Nenhum artista ou coletivo foi contatado. Queremos chegar em Berlim e escutar as modulações da vibração local. Isso inclui, por exemplo, detectar quais os temas que ninguém mais aguenta ouvir, porque já foram extensivamente discutidos. Em nossos encontros, debatemos as ondas de extremismo, as massas religiosas, o casamento, o sexo... essas coisas.
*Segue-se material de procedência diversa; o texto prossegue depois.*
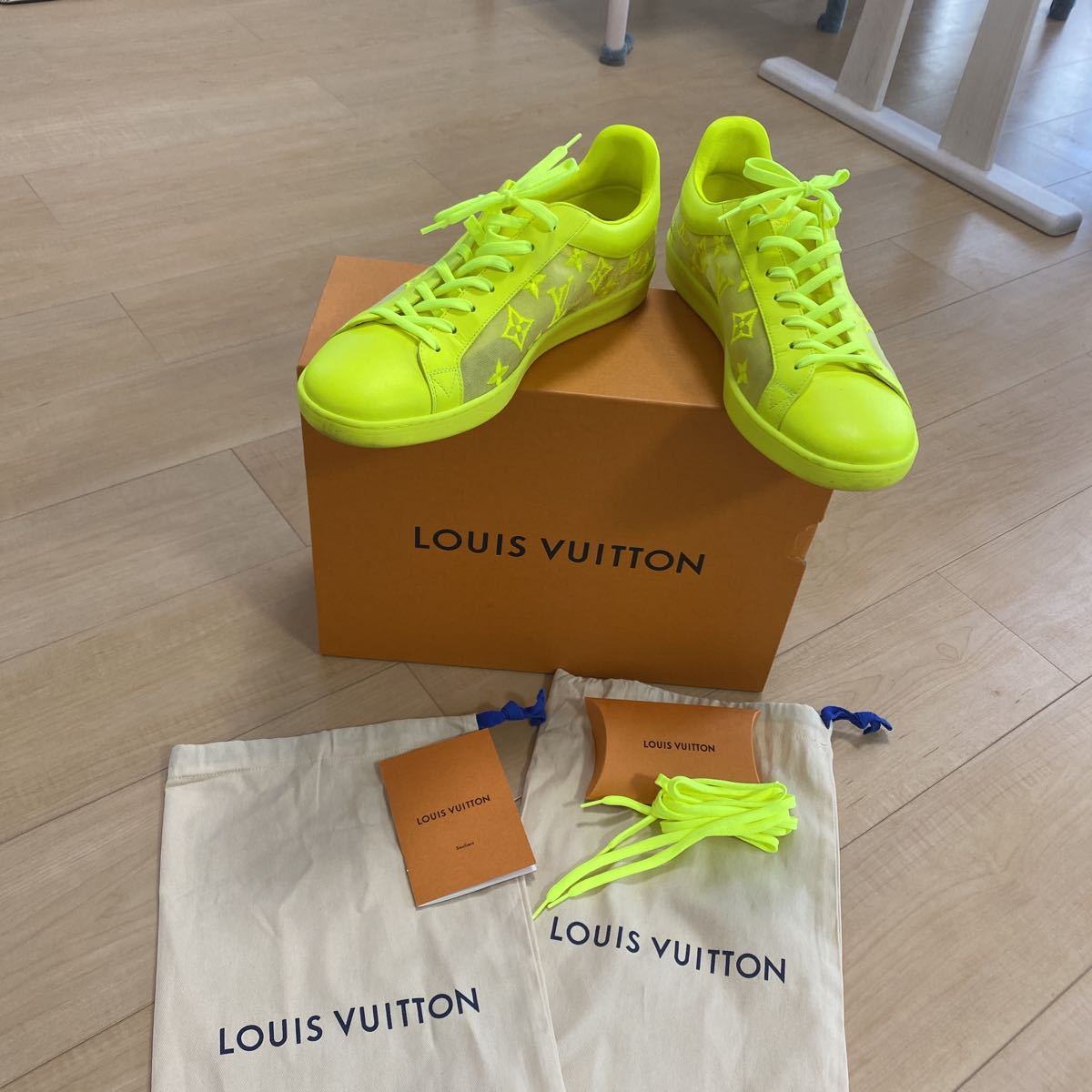 LOUIS VUITTON LV ルイ ヴィトン スニーカー 靴 ネオン カラー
Com que orçamento vocês vão trabalhar?
São 3 milhões de euros garantidos pela German Federal Cultural Foundation. Esse orçamento não é destinado apenas à realização de obras comissionadas, mas deve cobrir toda a equipe, a logística da exposição, publicações, marketing etc. Sabemos também que cada edição acaba recebendo um montante adicional, tanto público como privado.
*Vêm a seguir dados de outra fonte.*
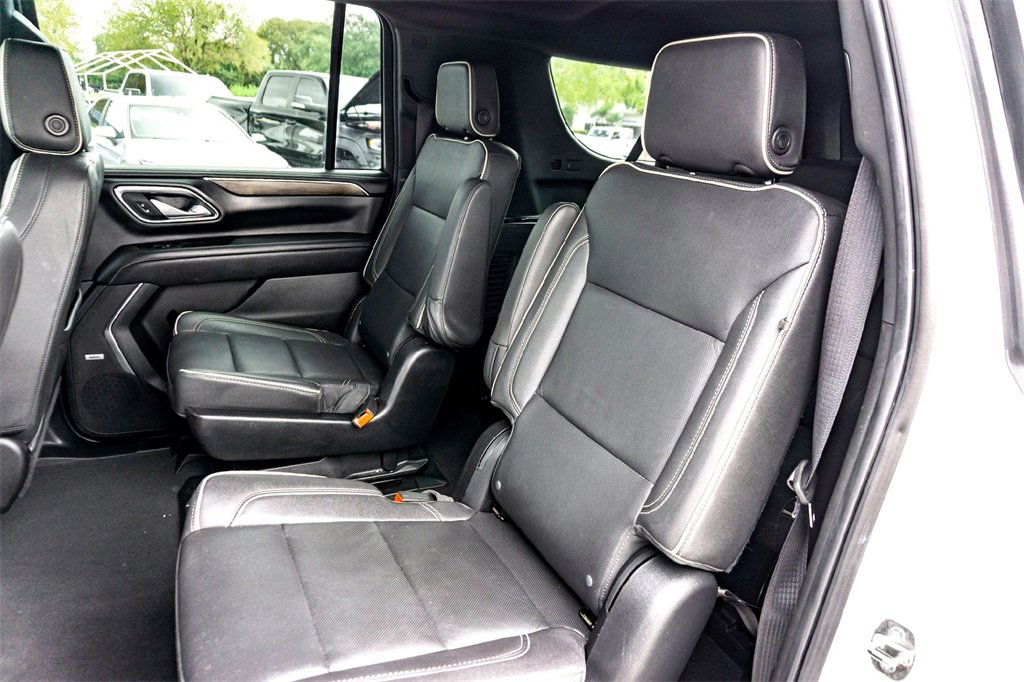 Used 2023 Chevrolet Suburban Premier image 27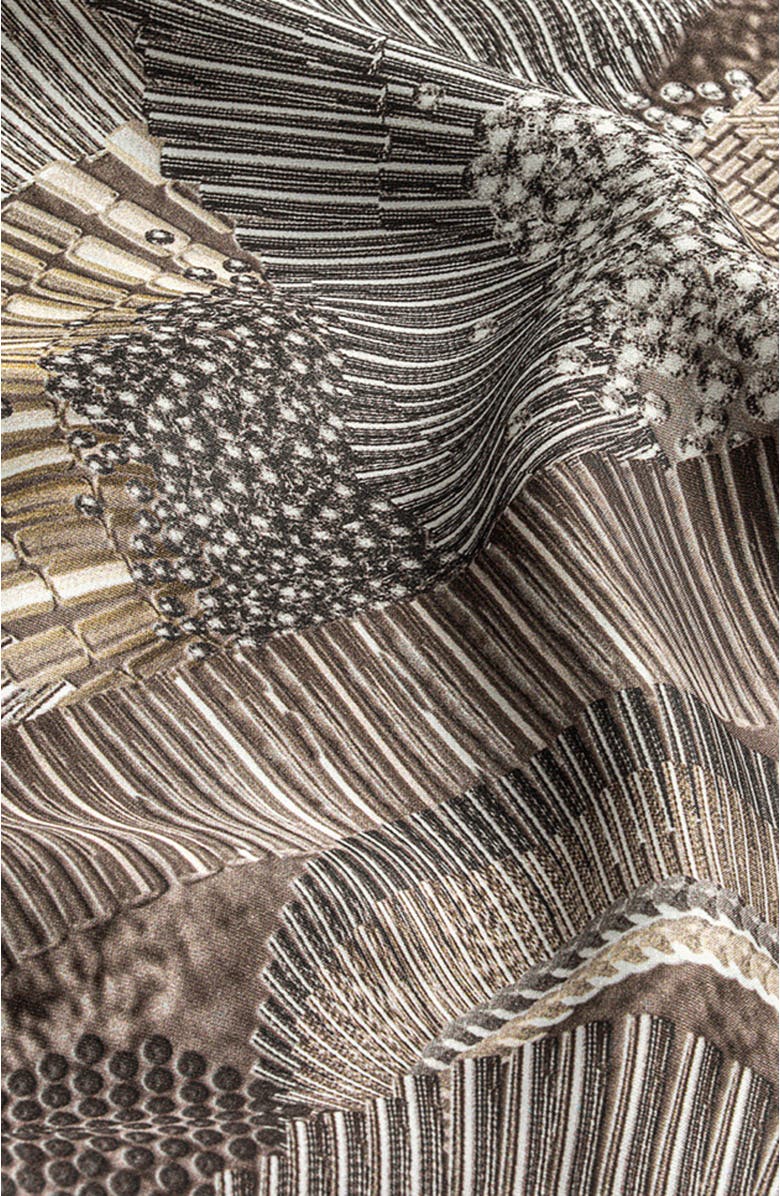 Togas Ligardes duvet cover, Alternate, color, Brown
Haverá residências artísticas e seminários, como houve na 27a Bienal de São Paulo?
Não exatamente, ou pelo menos com outra denominação. Doze anos atrás, não havia programas regulares e consistentes de residências internacionais em São Paulo que pudessem promover encontros com uma certa duração. Dentro do contexto conceitual do “como viver junto”, fazia sentido introduzir outros ritmos de produção, deslocar o sujeito de sua cultura. Mas, sim, temos vontade de trazer pessoas para criar sinergias independentes de uma participação pontual na exposição.
Sua Bienal de São Paulo foi duramente criticada no Brasil, enquanto no exterior teve uma repercussão bastante positiva. Além disso, alguns projetos artísticos foram, contra a sua vontade, vetados pela instituição. Você espera ter condições mais favoráveis para trabalhar na Alemanha?
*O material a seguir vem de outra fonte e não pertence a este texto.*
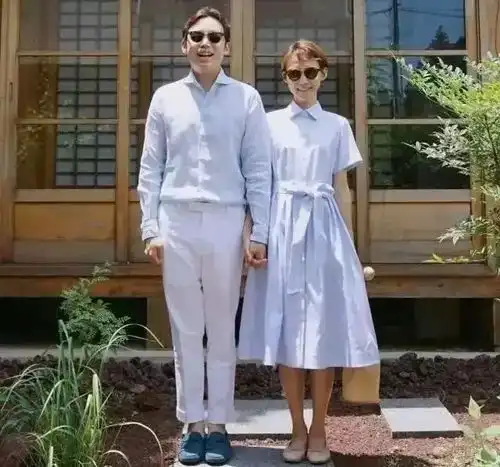  养眼韩庚卢靖姗穿情侣装现身,但隔空都能穿情侣装的他俩更会玩儿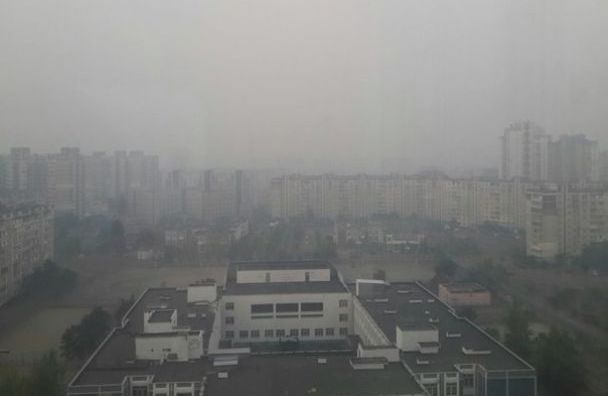 С утра над Киевом едкий смог. Загрязнение воздуха превысило норму. Школьников отпустили домой до 7 сентября С утра над Киевом едкий смог. Загрязнение воздуха превысило норму. Школьников отпустили домой до 7 сентября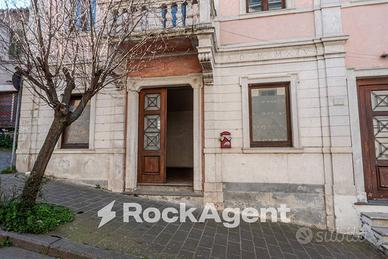 LOCALE COMMERCIALE FRONTE STRADA CENTRO STORICO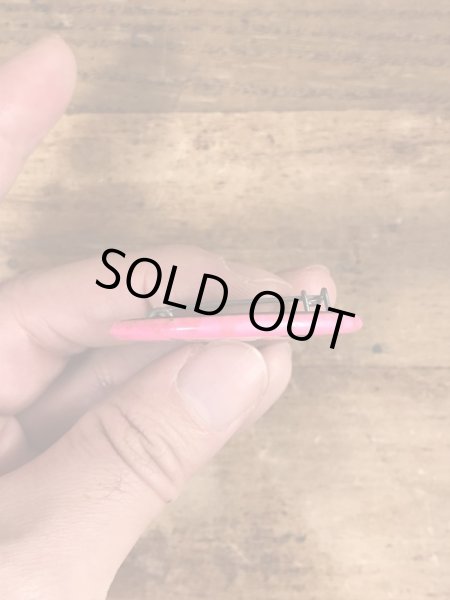 80'sのWho The Hell Invited You?のメッセージが書かれたビンテージの缶バッジ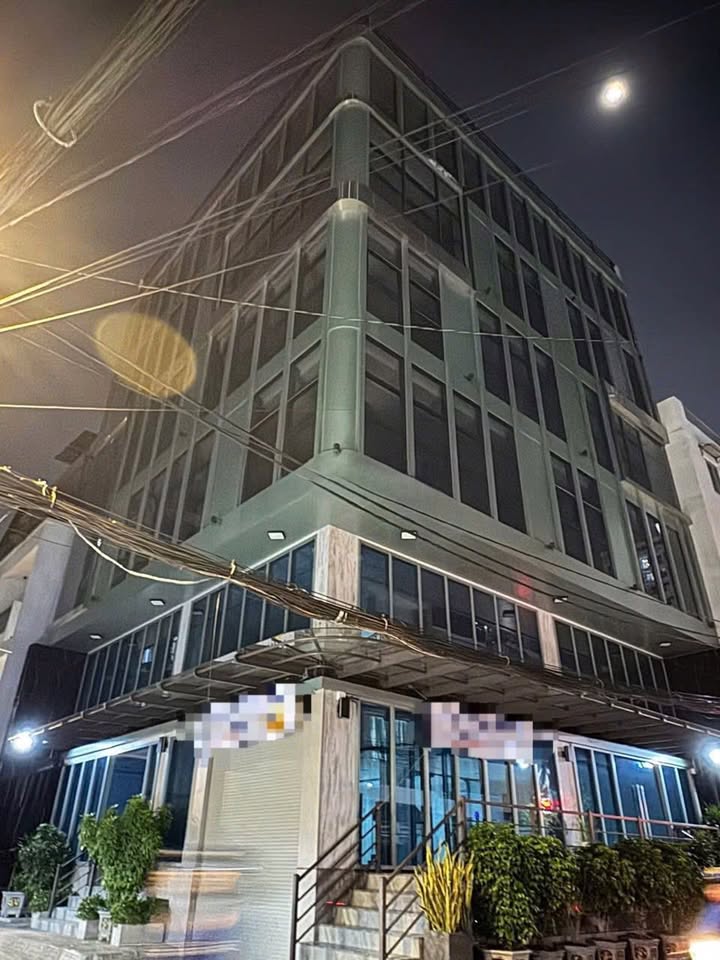 Cho thuê Căn Góc 2MT Trương Công Định, Tân Bình - 240m², 7 Tầng - Kinh Doanh Đỉnh Cao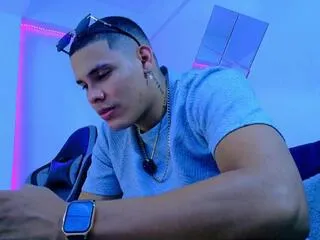 Freechat evan_stone on Flirt4Free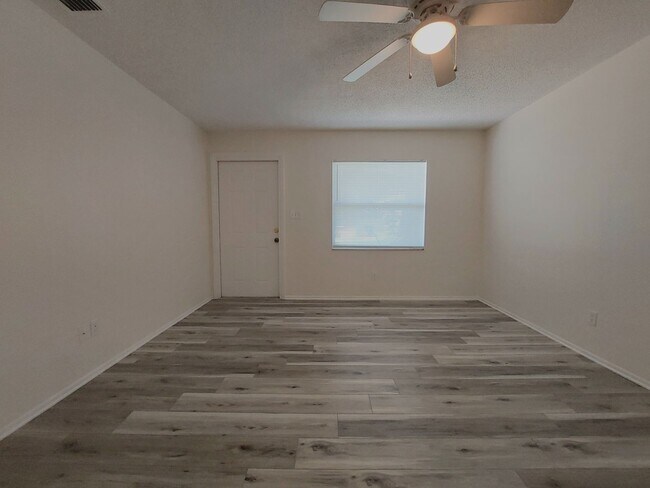 Foto del edificio - 2 Bedroom, 1 Bathroom Duplex in South Lake...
Preciso dizer que, se os catálogos da minha Bienal tivessem saído durante a sua realização, a repercussão não teria sido tão negativa. Afinal, o livro principal só foi lançado dois anos depois, na 28a Bienal, graças ao empenho de Ivo Mesquita. Essa sensação local foi se dissolvendo porque as pessoas tiveram acesso aos textos dos artistas e dos curadores que, no caso da 27BSP, refletiam os desdobramentos do Programa ambiental de Hélio Oiticica, redigido em 1966. Os vetos aos projetos desses artistas que você cita foram decorrentes de um cerceamento à autonomia intelectual da curadoria por conta do sistema presidencial da Fundação Bienal de São Paulo, herdeiro de um funcionamento baseado em representações oficiais com delegações estrangeiras. O caso de Zamora esbarrou na Secretaria do Verde e do Meio Ambiente, que julgou “perigosa” a proposta de colocar ilhas flutuantes de ervas daninhas no lago do Parque do Ibirapuera, patrimônio tombado. Aconteceu o mesmo com várias propostas trazidas pela Renata Lucas, até que o impasse foi resolvido implantando o projeto dela na Barra Funda – solução que, na minha opinião, deu uma potência maior para o trabalho. Quando assumi a 27BSP, a cobertura jornalística ficava à espreita de cada escândalo, sobretudo depois da manchetização infeliz da notícia de que Cildo Meireles iria repensar sua participação por conta da reeleição do ex-banqueiro Edemar Cid Ferreira no conselho da instituição, apesar de sua condenação por lavagem de dinheiro. Tudo isso atrapalhou um diálogo institucional que foi se tornando cada vez mais tenso. O espetáculo da notícia ofuscou o debate artístico. A Bienal de São Paulo não se emancipou de uma origem elitista e empresarial. Certamente, não terei esse tipo de ingerência em Berlim.
Quais as semelhanças e diferenças entre a Bienal de São Paulo e a Bienal de Berlim?
Por enquanto, só enxergo diferenças. A mais importante consiste no fluxo de visitantes e na gratuidade da entrada, uma conquista de São Paulo desde 2004. Berlim recebe pouco mais de um décimo de público. A outra grande diferença é o grau de radicalidade das propostas. A Bienal de São Paulo está envelhecendo como um museu moderno e se afastando da formação social das periferias urbanas. Ela tem uma missão educativa essencial para tentar compensar a queda de qualidade do Ensino Médio. Quanto às semelhanças, ainda sou incapaz de percebê-las, mas estou atenta. Recebi este convite como uma jornada nova na minha vida.